Spencer native recalls when soldier walked home from war
Published 12:00 am Tuesday, November 10, 2020
Editor’s note: In thinking about Veterans Day, the Rev. Terry Agner recently recalled a memory about a neighbor who walked home from the war. A retired Lutheran pastor, Agner grew up and Spencer, and now lives with his wife, Nancy Bourne, in Arden. The following below was written by freelance writer Susan Shinn Turner.
This is a memory that is very vivid to me.
Before World War II, our neighbor lived about a 100 yards from our house in Spencer — diagonally on another street, but within view from our house. As a child, I spent most of my time outside. We had a small house — two bedrooms with three boys and two adults.
I remember being outside, watching our flying squirrels across the street, where there was nothing but trees. I remember being outside and watching our neighbor, who had graduated from high school, walk up the hill to catch a bus. That was before Pearl Harbor, the summer of 1940. I was 8. Our neighbor may have been out of school more than a year. He was a little older than my brother Roy, and his name was Leo Sowers Jr. He was in battles in North Africa and later Italy.
After WWII, I remember being in the yard, and I was a few years older. I remember him walking down the same road in front of our house, which by then had been paved by the WPA (Works Progress Administration). He had on khakis and a backpack slung over one shoulder. I knew instantly it was he.
He walked by, and I spoke with him. I knew he was coming home from the war. I don’t remember what I said, but I remember greeting him and he greeted me. He kept on walking and went on down to his house.
That was such a memorable occasion, because my brothers were in World War II. I was five years younger than Marshal and seven years younger than Roy. I followed where they were overseas. So, I kept up with what was going on. By this time, my brothers had gotten back a couple of months before Leo. So this would have been in the fall of 1945.
Leo stayed with his parents. He didn’t get another place to live for a little while. He bought a wooded lot next to his parents. I did our yard work. By that time, I was 13. I was of an age where I did the yard work. I watched as he, by himself, cut down the trees where he wanted to build a house. I remember him saving a certain wood that would have value for furniture, like cherry, for instance.
He did it all by himself, and over time he cleared enough place for his house. I do not know how much he built of the house. I can’t say. I don’t remember workmen’s cars being there. I think he must have done a good bit by himself.
Then, a year or two later, there was a new teacher at Spencer High School. Nell Nash was maybe in her mid-20s, about the age he (Leo) would have been. She was attractive and popular, and a good teacher. Leo started dating her and eventually married her. She taught secretarial courses.

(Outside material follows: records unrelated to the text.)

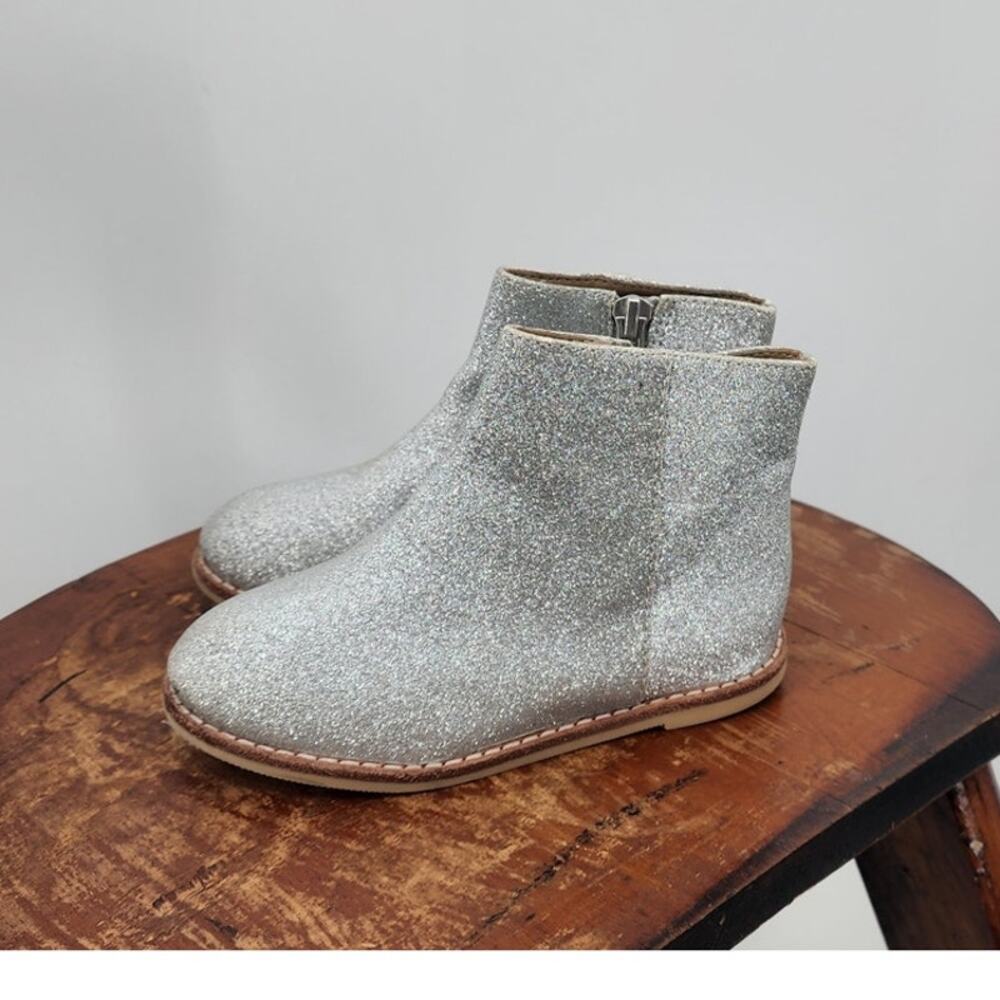 Janie and Jack Glitterโ Ankle Booties Size US 7 Girls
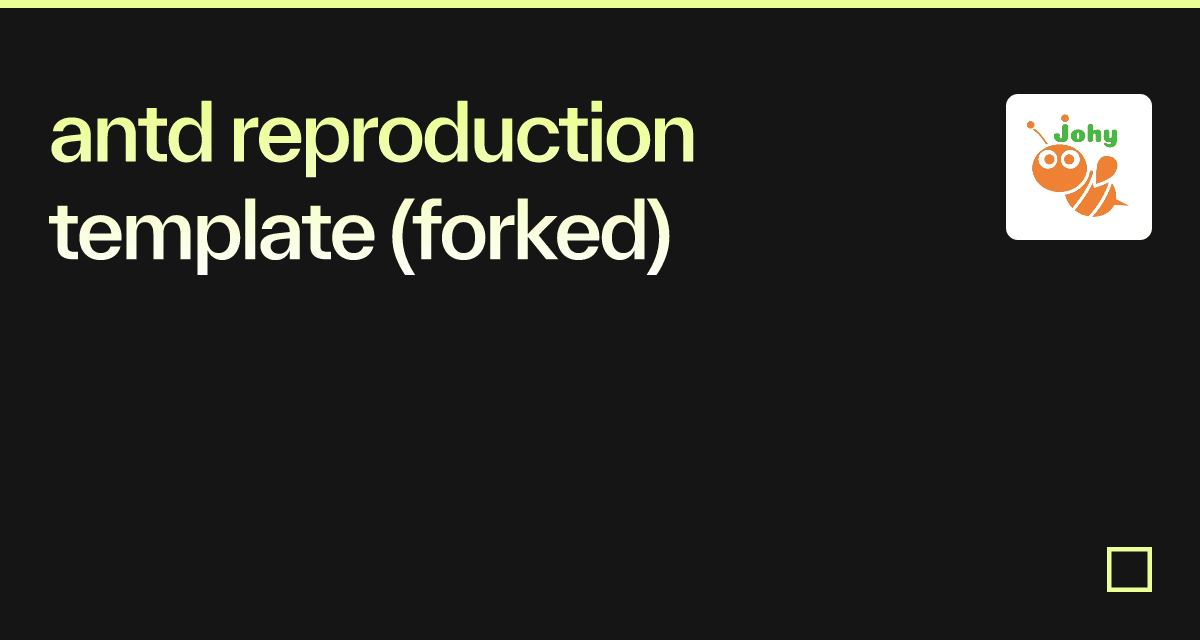 antdsearchbox examples CodeSandbox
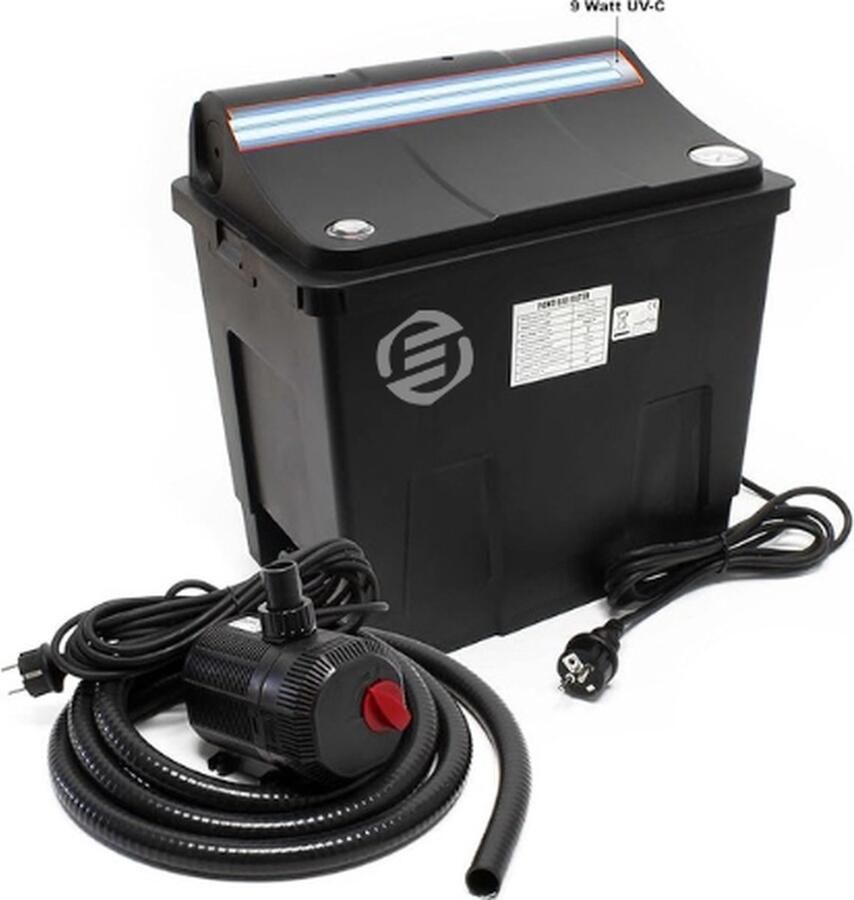 Equivera Vijverfilter Fontijnfilter Vijver Algenbestrijding UV Lamp Premium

They later moved to Salisbury and started a business school, called Salisbury Business College. A number of years later, when I was associate pastor of St. John’s and they were members, I needed to go to the business school and saw them there. Occasionally, things would be in the paper about Salisbury Business College.
This was a strong memory of that period. That story about him coming home by himself, walking from the bus. I’m sure that story was repeated millions of times after World War II of soldiers coming home from the war. There may have been nobody there to greet them because communication then wasn’t the same as it is now.
How many times could that story or a variation of it be told? Millions of times.
In thinking about Veterans Day, in thinking about people who served in World War II, those memories are so indelible for me.
Leo Sowers died in 2002, and Nell Nash Sowers died in 2011. Leo was born May 3, 1918, the son of the late Ruby Smith Sowers and Leo Sowers Sr. He served with the U.S. Army Air Corps in World War II for four years. He also worked for Southern Railway before purchasing Salisbury Business Center.